_SOURCE MATERIAL_:
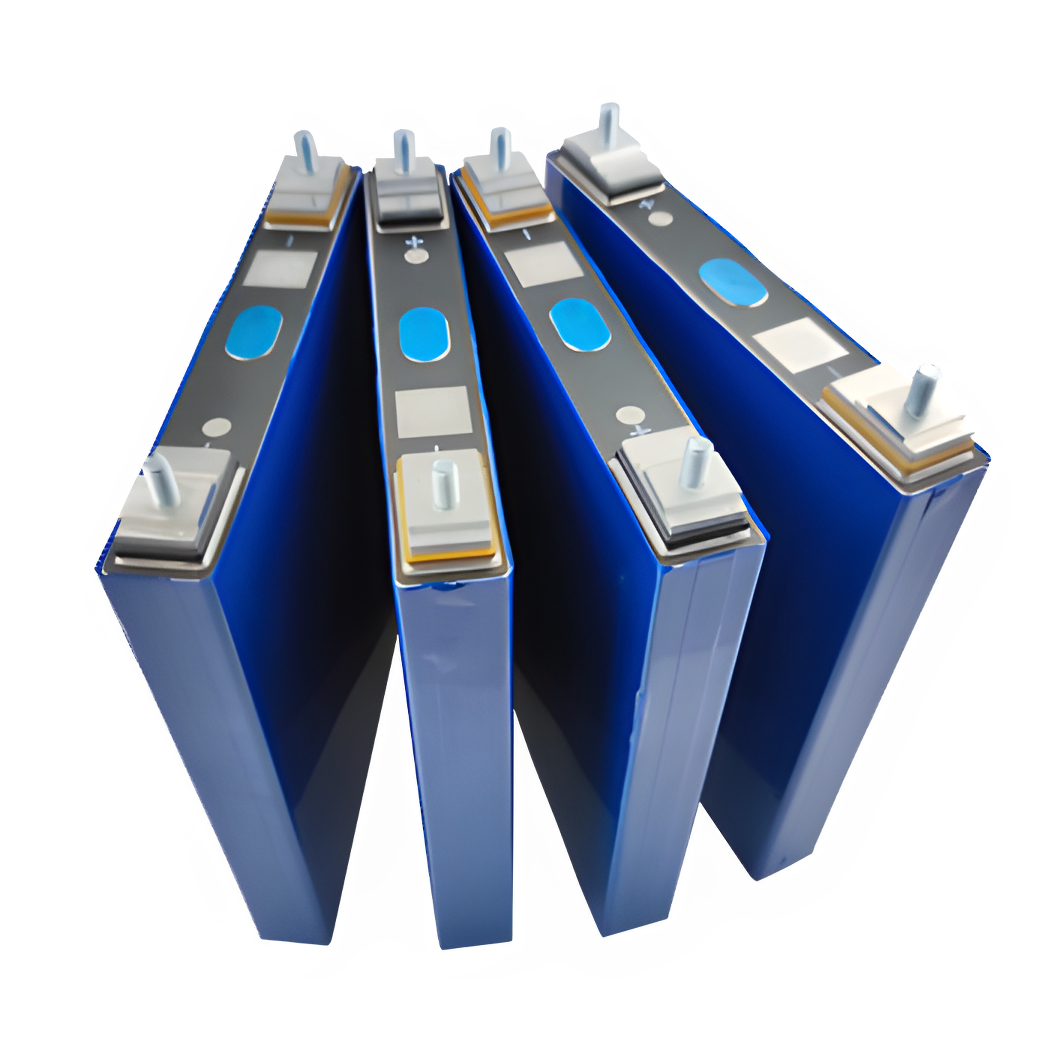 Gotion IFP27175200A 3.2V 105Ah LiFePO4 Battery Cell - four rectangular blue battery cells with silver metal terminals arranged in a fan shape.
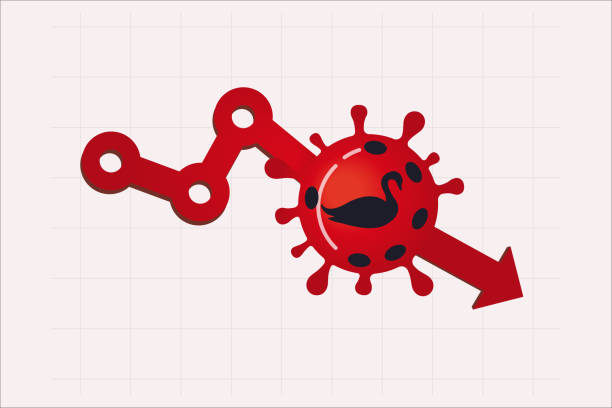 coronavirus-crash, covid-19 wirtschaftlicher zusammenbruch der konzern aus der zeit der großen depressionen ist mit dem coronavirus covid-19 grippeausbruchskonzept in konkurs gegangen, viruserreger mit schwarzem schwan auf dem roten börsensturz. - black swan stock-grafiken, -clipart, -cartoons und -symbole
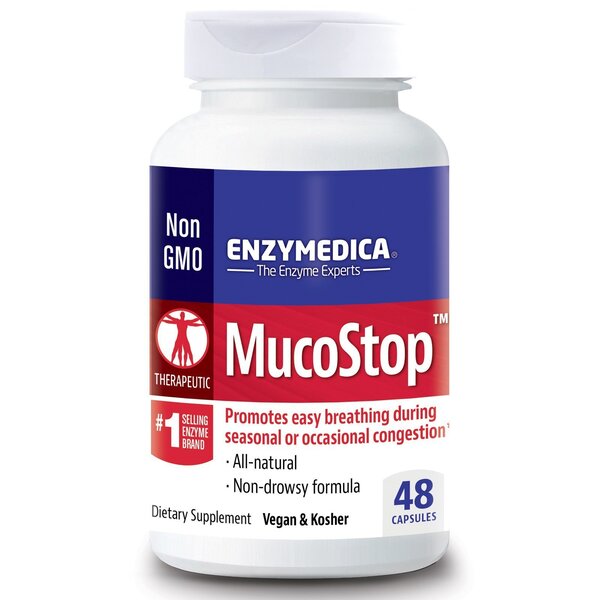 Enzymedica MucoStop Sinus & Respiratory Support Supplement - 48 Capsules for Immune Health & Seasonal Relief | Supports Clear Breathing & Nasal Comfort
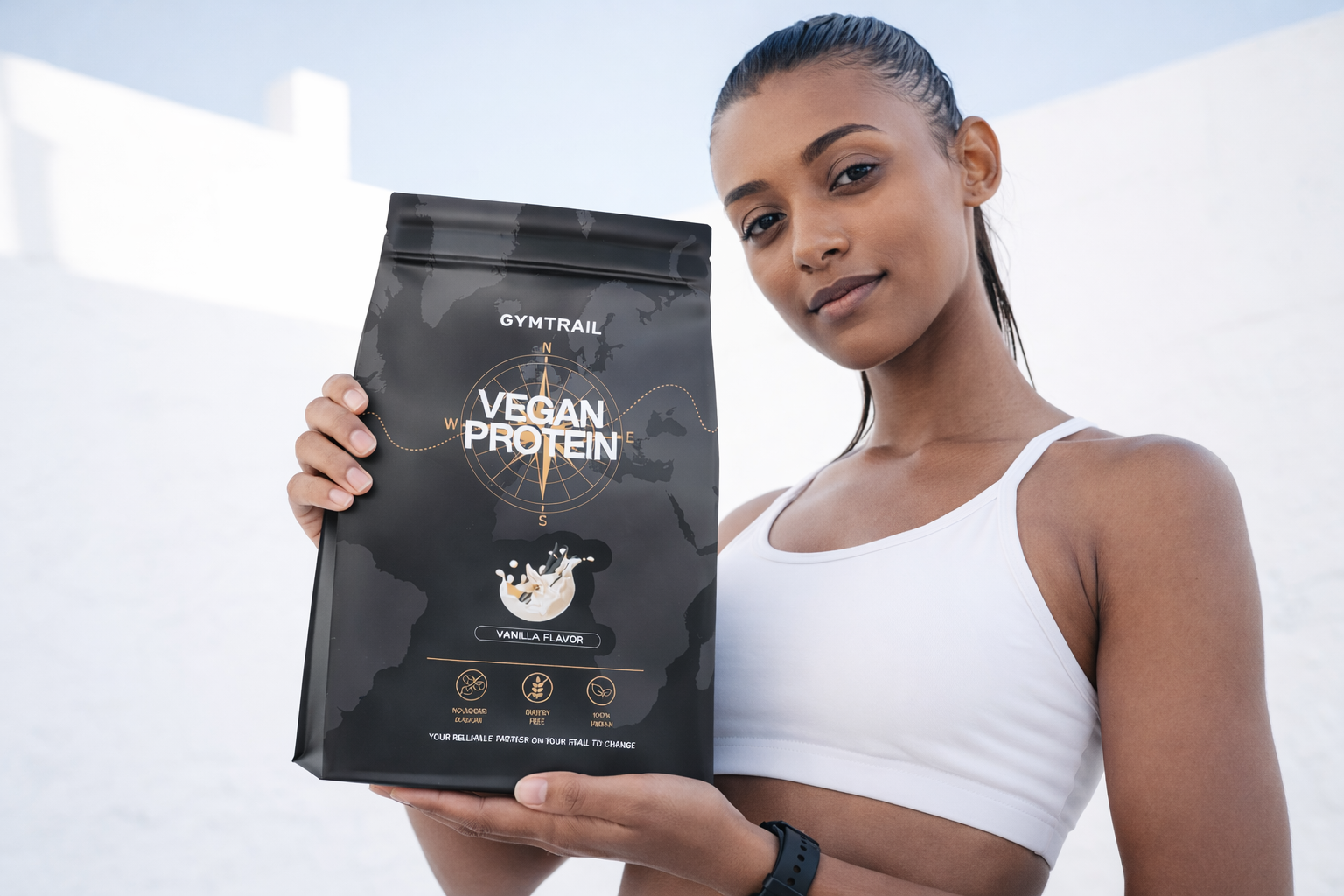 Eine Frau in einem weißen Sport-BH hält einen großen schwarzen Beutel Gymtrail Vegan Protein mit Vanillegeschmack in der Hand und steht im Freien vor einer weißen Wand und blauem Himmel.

--

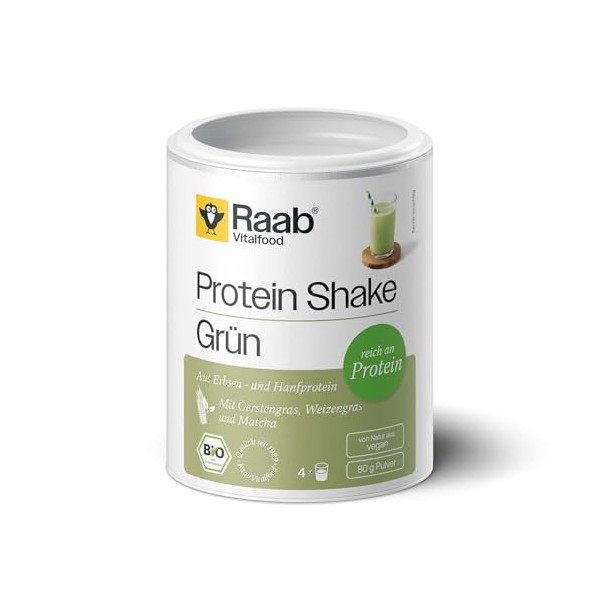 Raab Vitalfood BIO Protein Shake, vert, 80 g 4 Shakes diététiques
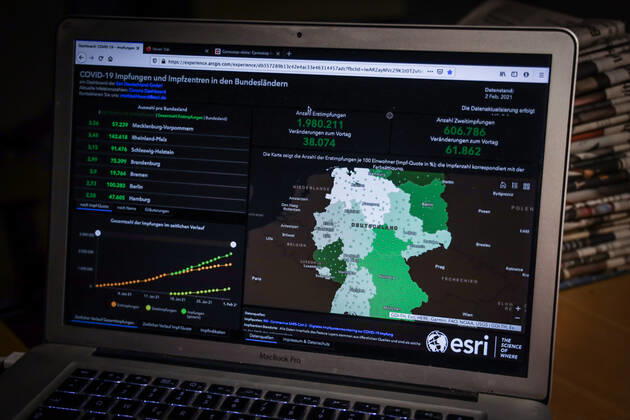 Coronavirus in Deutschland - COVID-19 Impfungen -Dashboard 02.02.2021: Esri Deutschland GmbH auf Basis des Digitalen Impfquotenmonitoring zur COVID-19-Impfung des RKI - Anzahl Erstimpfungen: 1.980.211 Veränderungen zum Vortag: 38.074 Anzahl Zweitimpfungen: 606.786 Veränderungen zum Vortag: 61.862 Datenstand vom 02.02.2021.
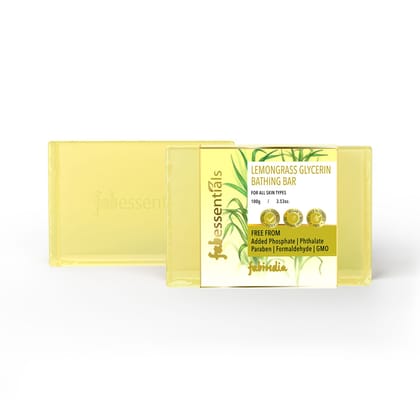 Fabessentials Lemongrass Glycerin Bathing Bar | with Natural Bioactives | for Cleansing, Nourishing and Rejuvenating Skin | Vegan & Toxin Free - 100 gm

_EXERCISE_:
Pictures do not belong in the answer. Return the lines above starting at the one with "Raab Vitalfood BIO" and ending at the one with "Fabessentials Lemongrass Glycerin", both kept, exactly.

_EXPECTED ANSWER_:
 Raab Vitalfood BIO Protein Shake, vert, 80 g 4 Shakes diététiques
 Coronavirus in Deutschland - COVID-19 Impfungen -Dashboard 02.02.2021: Esri Deutschland GmbH auf Basis des Digitalen Impfquotenmonitoring zur COVID-19-Impfung des RKI - Anzahl Erstimpfungen: 1.980.211 Veränderungen zum Vortag: 38.074 Anzahl Zweitimpfungen: 606.786 Veränderungen zum Vortag: 61.862 Datenstand vom 02.02.2021.
 Fabessentials Lemongrass Glycerin Bathing Bar | with Natural Bioactives | for Cleansing, Nourishing and Rejuvenating Skin | Vegan & Toxin Free - 100 gm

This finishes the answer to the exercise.